- WHAT THE TASK REQUIRES -
Of all the entries below, retype only the lines from the one with "mutoni pleasure Bartheke" through the one with "Les Jonquerets-de-Livet House", exactly as they appear.

::::::

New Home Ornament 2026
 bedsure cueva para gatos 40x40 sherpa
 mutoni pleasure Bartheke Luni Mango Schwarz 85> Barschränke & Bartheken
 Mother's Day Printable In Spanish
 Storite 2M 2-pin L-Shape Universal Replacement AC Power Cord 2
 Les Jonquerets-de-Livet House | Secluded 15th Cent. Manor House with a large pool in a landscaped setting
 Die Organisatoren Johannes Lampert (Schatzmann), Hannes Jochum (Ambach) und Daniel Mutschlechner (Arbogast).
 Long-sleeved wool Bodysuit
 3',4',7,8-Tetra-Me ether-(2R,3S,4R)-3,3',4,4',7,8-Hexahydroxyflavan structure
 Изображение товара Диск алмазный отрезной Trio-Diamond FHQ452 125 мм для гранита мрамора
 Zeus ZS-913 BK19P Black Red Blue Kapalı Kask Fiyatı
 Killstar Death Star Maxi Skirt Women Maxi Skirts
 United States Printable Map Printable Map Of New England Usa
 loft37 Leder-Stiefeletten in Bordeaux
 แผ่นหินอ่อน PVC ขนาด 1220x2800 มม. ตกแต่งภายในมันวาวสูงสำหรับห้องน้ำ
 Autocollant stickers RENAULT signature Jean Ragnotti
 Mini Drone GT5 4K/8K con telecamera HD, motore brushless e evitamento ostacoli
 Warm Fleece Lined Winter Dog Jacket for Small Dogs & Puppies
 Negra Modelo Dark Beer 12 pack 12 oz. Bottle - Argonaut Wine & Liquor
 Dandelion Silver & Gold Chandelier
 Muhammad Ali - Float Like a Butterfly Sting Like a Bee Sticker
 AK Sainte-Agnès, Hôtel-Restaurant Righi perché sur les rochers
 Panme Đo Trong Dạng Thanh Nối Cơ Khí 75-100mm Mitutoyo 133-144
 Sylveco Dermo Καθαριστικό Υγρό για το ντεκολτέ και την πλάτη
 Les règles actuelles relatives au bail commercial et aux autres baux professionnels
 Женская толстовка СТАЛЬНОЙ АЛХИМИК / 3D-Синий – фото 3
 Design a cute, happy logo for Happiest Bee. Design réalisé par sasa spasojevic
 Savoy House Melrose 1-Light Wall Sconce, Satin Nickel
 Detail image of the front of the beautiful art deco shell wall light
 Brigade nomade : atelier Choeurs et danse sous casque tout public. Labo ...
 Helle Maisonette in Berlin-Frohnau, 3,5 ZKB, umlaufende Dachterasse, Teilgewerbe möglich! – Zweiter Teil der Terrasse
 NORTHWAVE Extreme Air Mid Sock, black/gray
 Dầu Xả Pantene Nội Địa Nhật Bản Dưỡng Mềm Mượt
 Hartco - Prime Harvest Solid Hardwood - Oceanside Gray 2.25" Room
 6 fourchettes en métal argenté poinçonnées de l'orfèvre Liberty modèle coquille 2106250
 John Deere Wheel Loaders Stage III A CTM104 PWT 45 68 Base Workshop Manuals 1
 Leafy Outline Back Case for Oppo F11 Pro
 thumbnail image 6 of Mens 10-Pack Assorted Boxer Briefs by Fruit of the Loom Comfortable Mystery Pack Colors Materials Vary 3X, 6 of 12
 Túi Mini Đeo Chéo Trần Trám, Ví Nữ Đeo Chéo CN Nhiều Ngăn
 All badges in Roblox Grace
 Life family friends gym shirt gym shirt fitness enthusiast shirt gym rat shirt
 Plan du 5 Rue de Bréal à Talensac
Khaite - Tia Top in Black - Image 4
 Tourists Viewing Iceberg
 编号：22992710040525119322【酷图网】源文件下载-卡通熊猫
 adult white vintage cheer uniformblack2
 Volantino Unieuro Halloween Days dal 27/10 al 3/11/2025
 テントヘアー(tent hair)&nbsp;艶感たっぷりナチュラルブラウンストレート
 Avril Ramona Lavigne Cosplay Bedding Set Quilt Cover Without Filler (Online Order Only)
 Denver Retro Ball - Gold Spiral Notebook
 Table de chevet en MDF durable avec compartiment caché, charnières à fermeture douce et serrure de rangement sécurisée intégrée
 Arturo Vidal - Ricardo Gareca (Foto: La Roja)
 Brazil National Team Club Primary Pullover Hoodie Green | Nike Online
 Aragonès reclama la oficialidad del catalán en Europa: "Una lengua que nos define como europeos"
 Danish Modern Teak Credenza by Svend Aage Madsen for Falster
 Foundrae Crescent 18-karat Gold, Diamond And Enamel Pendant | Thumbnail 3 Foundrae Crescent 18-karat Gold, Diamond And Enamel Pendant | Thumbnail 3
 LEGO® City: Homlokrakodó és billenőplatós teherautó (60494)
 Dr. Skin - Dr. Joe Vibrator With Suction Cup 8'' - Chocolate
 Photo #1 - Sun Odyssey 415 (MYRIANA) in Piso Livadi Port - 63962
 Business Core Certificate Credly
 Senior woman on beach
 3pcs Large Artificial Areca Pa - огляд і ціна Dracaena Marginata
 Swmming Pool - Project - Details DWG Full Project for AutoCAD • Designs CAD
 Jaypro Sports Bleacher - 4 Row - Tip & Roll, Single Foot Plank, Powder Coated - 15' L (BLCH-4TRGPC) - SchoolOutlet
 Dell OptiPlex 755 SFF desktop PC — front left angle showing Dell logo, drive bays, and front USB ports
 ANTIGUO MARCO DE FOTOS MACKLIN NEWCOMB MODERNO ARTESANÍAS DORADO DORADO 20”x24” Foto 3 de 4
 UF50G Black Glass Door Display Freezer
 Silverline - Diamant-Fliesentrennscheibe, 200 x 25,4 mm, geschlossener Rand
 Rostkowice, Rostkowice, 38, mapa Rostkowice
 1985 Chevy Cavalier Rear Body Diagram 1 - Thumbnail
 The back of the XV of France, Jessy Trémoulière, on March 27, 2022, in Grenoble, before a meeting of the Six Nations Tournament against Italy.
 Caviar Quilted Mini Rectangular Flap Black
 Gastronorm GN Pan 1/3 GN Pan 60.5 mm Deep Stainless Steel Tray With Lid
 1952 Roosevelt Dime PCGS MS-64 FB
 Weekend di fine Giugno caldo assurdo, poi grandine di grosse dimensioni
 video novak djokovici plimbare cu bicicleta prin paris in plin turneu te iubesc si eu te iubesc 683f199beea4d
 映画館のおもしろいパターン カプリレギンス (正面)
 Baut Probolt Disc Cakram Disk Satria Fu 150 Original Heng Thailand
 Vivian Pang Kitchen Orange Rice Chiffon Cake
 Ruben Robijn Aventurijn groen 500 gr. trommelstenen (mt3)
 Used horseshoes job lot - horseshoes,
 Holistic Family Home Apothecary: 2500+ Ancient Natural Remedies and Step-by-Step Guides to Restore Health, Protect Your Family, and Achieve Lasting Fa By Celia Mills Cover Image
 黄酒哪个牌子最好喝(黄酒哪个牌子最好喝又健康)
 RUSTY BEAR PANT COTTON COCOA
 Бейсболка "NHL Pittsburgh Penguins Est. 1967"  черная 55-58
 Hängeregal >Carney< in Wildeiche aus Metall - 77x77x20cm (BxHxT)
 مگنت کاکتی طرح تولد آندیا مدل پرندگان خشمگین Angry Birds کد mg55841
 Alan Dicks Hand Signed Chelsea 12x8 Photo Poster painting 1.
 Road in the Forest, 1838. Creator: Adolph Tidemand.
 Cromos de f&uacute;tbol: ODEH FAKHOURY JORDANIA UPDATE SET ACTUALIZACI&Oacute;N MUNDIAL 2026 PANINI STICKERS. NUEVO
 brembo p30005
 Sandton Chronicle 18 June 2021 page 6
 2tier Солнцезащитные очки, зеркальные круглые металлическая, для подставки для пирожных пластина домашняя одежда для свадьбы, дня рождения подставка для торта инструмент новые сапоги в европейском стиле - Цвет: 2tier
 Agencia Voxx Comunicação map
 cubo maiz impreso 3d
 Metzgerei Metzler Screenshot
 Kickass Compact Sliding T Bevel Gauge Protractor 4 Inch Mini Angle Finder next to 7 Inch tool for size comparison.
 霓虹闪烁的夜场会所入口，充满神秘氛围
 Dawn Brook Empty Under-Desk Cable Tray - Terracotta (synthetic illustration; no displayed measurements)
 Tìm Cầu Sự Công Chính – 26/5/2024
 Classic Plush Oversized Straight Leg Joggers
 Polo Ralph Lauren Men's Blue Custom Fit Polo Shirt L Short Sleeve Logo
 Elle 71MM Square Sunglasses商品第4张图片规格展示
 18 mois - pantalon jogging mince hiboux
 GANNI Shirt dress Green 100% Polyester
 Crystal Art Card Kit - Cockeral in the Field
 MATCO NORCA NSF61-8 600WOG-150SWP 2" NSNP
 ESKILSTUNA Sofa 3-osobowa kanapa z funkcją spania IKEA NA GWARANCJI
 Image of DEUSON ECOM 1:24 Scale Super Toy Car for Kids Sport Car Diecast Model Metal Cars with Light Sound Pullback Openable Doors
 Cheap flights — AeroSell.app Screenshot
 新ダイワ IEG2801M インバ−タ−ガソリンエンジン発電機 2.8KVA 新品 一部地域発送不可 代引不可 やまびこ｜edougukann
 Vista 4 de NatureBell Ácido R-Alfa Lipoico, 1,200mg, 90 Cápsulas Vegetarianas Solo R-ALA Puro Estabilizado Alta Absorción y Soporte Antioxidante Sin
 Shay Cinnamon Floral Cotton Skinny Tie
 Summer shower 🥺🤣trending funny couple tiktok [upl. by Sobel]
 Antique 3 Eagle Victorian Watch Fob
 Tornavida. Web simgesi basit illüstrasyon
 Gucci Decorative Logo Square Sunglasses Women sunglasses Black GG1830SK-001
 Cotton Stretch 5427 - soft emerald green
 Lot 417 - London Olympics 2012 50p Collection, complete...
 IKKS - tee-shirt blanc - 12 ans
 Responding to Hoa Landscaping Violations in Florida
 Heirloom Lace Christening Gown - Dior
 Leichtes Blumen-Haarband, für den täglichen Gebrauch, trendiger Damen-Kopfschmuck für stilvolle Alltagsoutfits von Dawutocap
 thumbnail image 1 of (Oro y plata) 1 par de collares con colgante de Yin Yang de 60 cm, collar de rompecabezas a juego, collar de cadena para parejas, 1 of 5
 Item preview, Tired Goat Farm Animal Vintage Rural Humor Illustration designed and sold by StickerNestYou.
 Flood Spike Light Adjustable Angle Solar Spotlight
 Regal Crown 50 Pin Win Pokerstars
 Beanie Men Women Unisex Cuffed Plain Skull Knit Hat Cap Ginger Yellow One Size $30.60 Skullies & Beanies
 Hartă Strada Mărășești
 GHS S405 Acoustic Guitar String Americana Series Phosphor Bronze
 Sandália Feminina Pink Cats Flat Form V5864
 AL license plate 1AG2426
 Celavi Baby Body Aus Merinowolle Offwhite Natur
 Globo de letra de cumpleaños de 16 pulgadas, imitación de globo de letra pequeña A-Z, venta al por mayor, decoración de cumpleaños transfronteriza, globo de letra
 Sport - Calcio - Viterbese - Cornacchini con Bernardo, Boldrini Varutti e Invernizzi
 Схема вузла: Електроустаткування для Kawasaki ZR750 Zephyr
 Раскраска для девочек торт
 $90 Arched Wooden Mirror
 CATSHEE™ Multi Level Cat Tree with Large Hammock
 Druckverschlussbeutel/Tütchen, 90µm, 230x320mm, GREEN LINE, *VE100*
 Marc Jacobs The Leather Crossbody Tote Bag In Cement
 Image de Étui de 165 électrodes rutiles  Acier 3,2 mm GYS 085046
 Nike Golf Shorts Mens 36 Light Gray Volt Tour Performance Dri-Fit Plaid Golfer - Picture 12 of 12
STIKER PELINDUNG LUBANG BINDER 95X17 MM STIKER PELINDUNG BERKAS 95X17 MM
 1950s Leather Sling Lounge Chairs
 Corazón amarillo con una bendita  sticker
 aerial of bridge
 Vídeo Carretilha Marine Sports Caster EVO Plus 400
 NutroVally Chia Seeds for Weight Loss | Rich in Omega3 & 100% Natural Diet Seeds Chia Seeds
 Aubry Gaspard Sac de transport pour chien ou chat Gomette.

::::::

- OUTPUT BELOW -
 mutoni pleasure Bartheke Luni Mango Schwarz 85> Barschränke & Bartheken
 Mother's Day Printable In Spanish
 Storite 2M 2-pin L-Shape Universal Replacement AC Power Cord 2
 Les Jonquerets-de-Livet House | Secluded 15th Cent. Manor House with a large pool in a landscaped setting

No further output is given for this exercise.